• [Assignment]: Starting at the first line of the material below and stopping after the line that includes "Anti-SLCO4C1 antibody produced", write the lines out again exactly. Drop any pictures.
─── Raw data ───
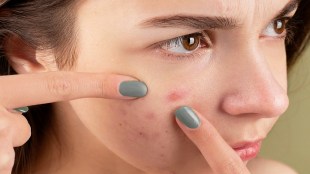 Adult acne, adult acne symptoms, adults acne symptoms, adult acne treatment, health news, wellness news,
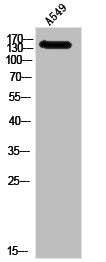 IGF1R Antibody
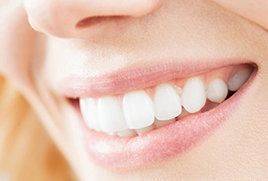 Faccette estetiche in una seduta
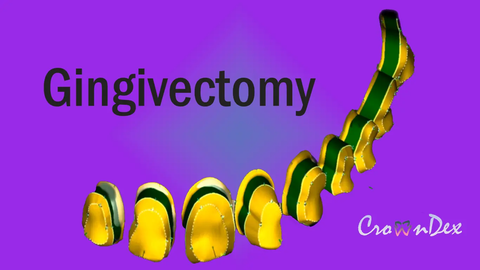 Professional CAD CAM Dental Design For Custom Prosthetic From Intraoral Scans Exocad Ready For 3D Printing And Milling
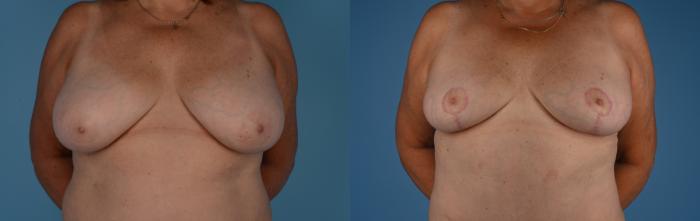 Breast Lift Before and After Photo Steven A. Hanna MD, Toronto, Canada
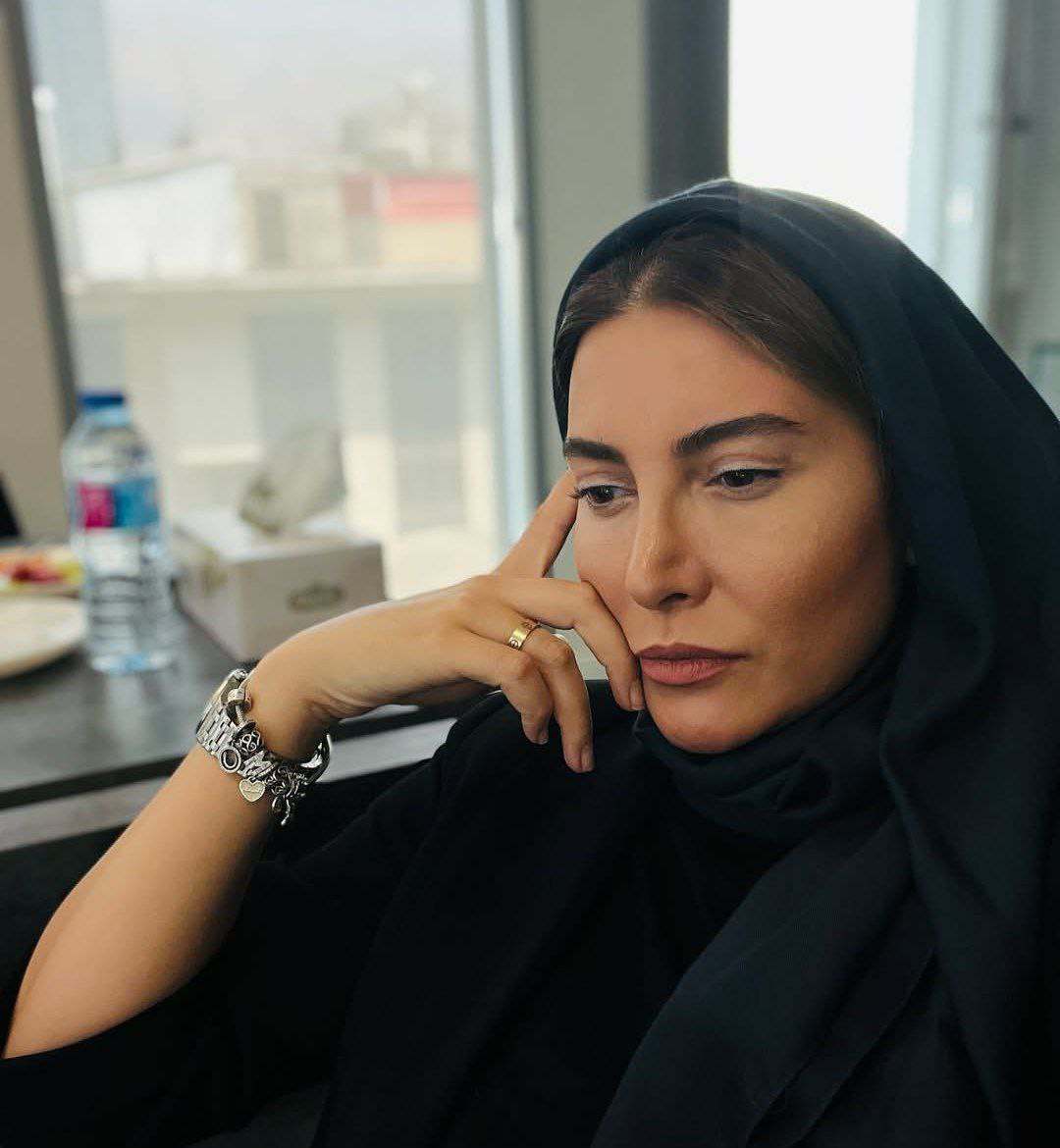 عکس فریبا نادری بعد از عمل زیبایی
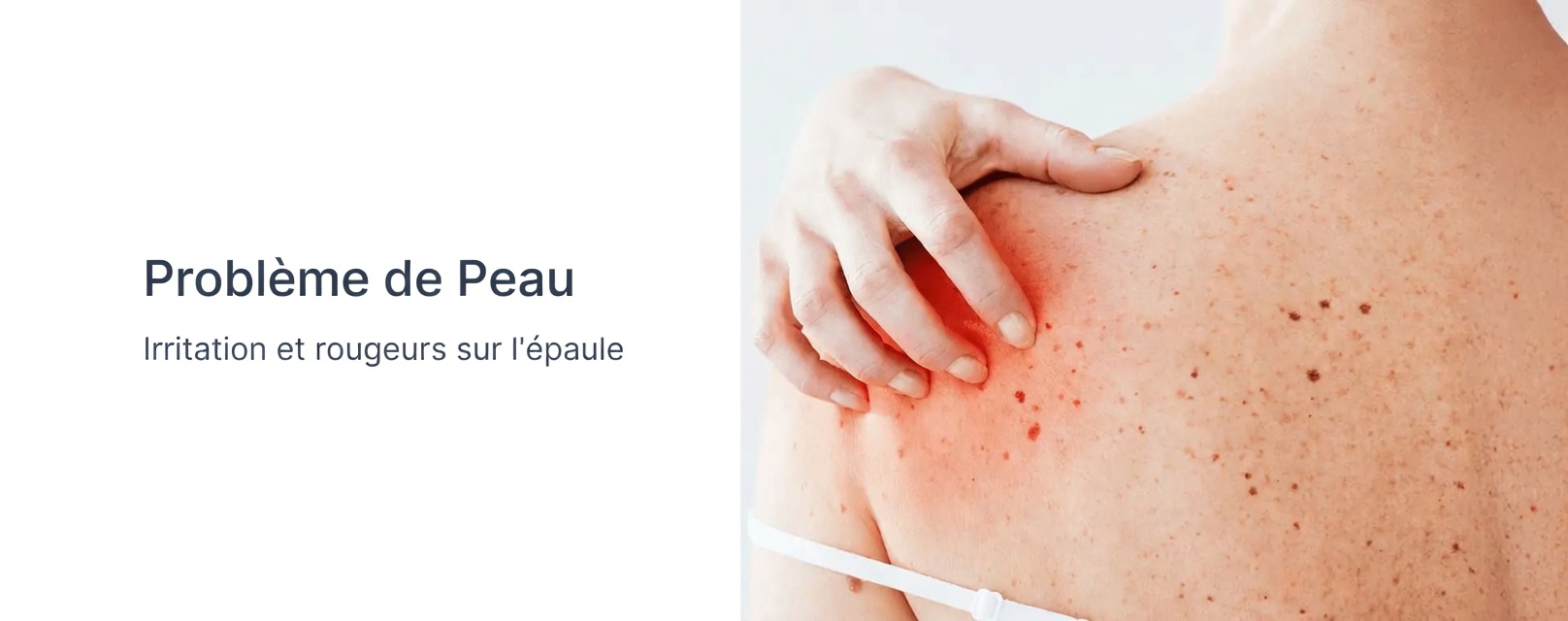 10 signes avant-coureurs du cancer du pancréas qui vous surprendront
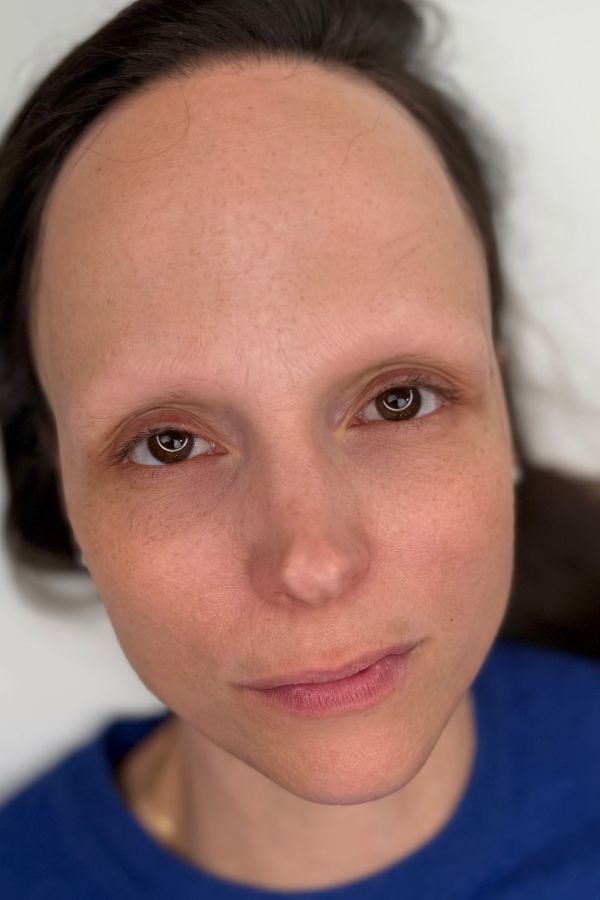 Before — Alopecia client with no brows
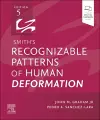 Smith's Recognizable Patterns of Human Deformation cover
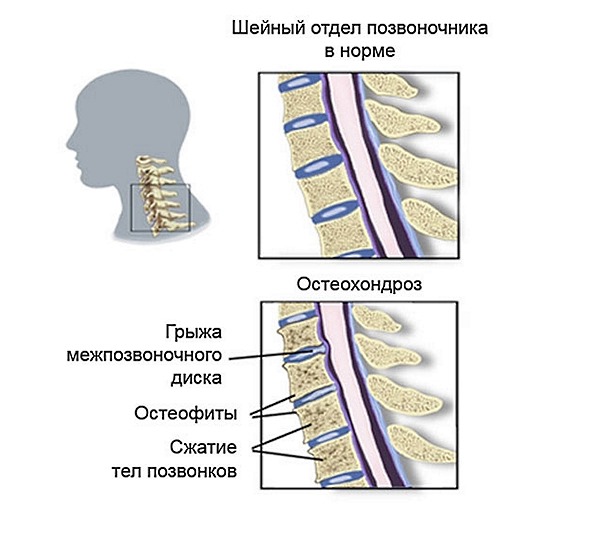 Остеохондроз шейного отдела позвоночника считается самым распространенным видом заболевания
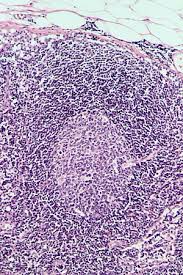 Follicular Hyperplasia Wikipedia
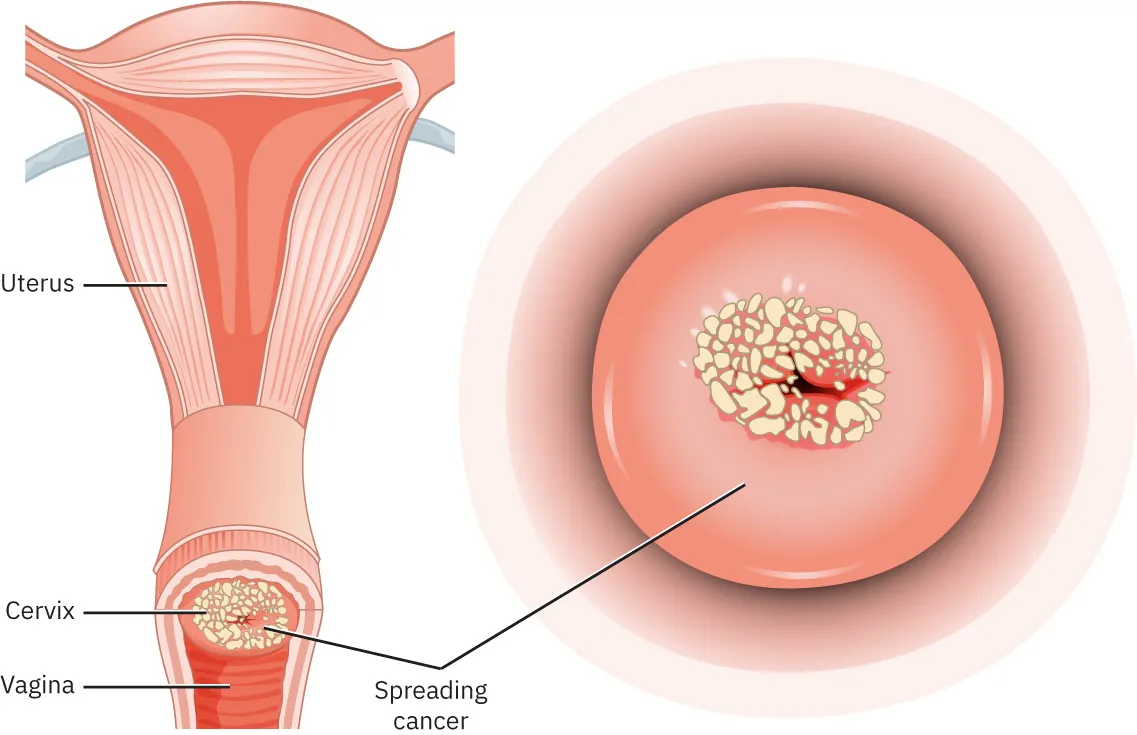 Image of cervix (at vagina and separate) displayed with small irregularly shaped cancer cells.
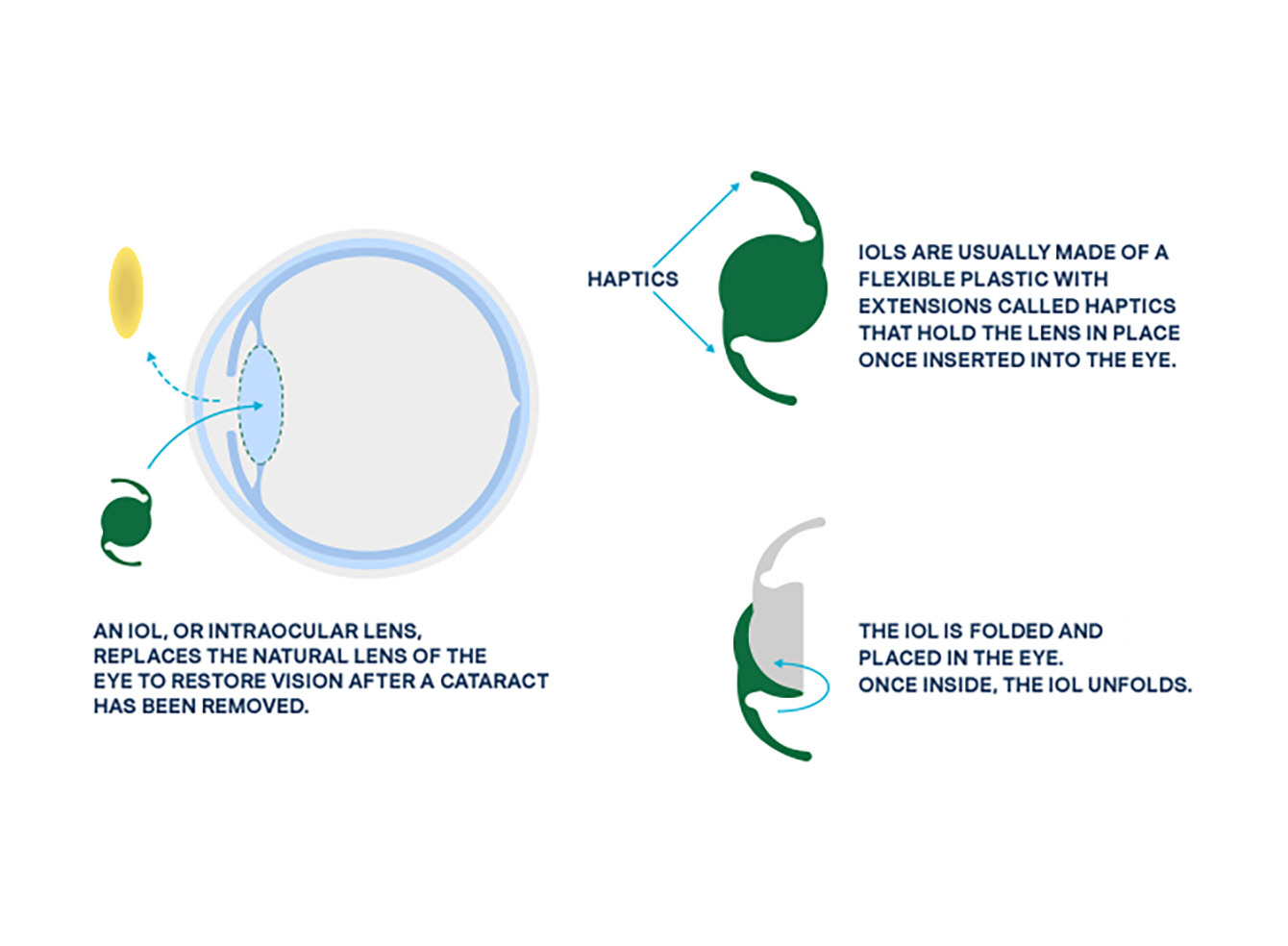 Visual of the eye showing how an intraocular lens (IOL) replaces the natural lens during cataract surgery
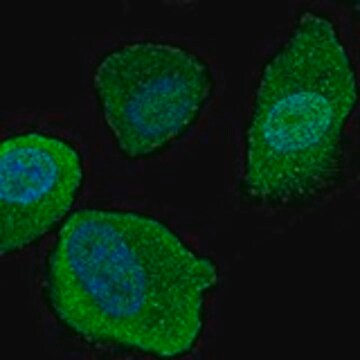 Anti-SLCO4C1 antibody produced in rabbit Prestige Antibodies&#174; Powered by Atlas Antibodies, affinity isolated antibody, buffered aqueous glycerol solution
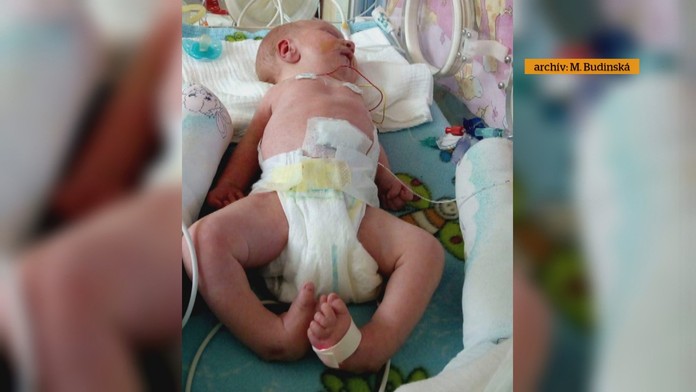 Manželia Kovačičovci v relácii Markíza Backstage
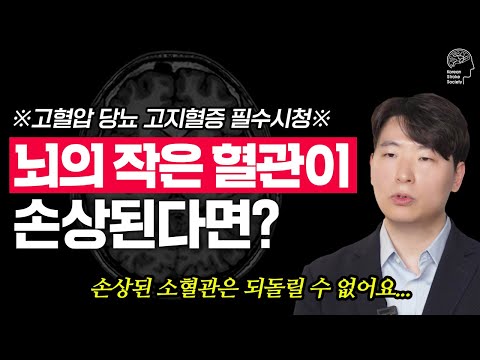 건강검진에서 발견된 '하얀 점'의 정체! 뇌졸중 전문의가 알려주는 소혈관 질환의 모든 것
───
• [Written answer]:
 Adult acne, adult acne symptoms, adults acne symptoms, adult acne treatment, health news, wellness news,
 IGF1R Antibody
 Faccette estetiche in una seduta
 Professional CAD CAM Dental Design For Custom Prosthetic From Intraoral Scans Exocad Ready For 3D Printing And Milling
 Breast Lift Before and After Photo Steven A. Hanna MD, Toronto, Canada
 عکس فریبا نادری بعد از عمل زیبایی
 10 signes avant-coureurs du cancer du pancréas qui vous surprendront
 Before — Alopecia client with no brows
 Smith's Recognizable Patterns of Human Deformation cover
 Остеохондроз шейного отдела позвоночника считается самым распространенным видом заболевания
 Follicular Hyperplasia Wikipedia
 Image of cervix (at vagina and separate) displayed with small irregularly shaped cancer cells.
 Visual of the eye showing how an intraocular lens (IOL) replaces the natural lens during cataract surgery
 Anti-SLCO4C1 antibody produced in rabbit Prestige Antibodies&#174; Powered by Atlas Antibodies, affinity isolated antibody, buffered aqueous glycerol solution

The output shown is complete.